While this wind-speed analysis is limited by a comparatively small number of higher altitude surface and wind farm sites, the results are valuable as they present different aspects of surface and hub height wind speed, corrections, and reanalysis data skills. Overall, the differences between raw and the corrected data (Figure 4) show that at some sites, the corrections did improve the metrics while at other sites the correction had the opposite effects. NEWA overestimates wind speed, especially at the TAWES surface sites and the BGL wind farm located in flat terrain, whereas the reanalysis and GAM analysis underestimate wind speed. For the complex sites, the results of NEWA are good, and the correction also improves other reanalysis data. Thus, the overestimation in flat terrain produces comes along with a better representation of wind speed along ridges in more complex terrain. Although the NEWA results themselves do not show a good performance at some of the locations compared with other reanalysis data, using their climatic fields for a simple correction did improve the other reanalysis data. This might be due to two main reasons, one could be a balancing effect of under/overestimation and the other reason could be related to the fact that the selection of the target year, though predefined by the wind farm data, might not have been a good choice in terms of NEWA performance. The corrections with GWA-hourly did not improve the bias and turned a negative bias into, partially, strong bias. Corrections using NEWA resulted in a stronger overestimation of wind speed at sites that already exhibited overestimated wind speed without correction and resulted in a reduction of negative bias at the other sites.
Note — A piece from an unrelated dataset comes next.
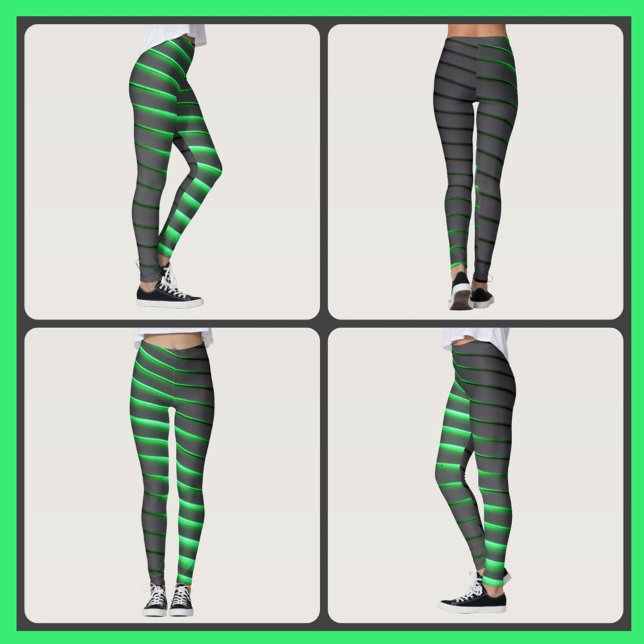 Legging Listras Verdes e Pretas Vibrantes (Criador carregado)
Figure 4. Overall bias [m/s] of surface and hub height wind speed for all locations and the corrections using the hourly correction factors (left column: raw, middle: GWA hourly corrected, right: NEWA hourly corrected). The four wind farm locations are each denoted by a single dot. Top row for ERA5, second row for MERRA-2, middle row for COSMO-REA6, and the two bottom rows for GAM and NEWA. Notably, GAM was only corrected for hub height wind speeds, thus differences might be hard to see.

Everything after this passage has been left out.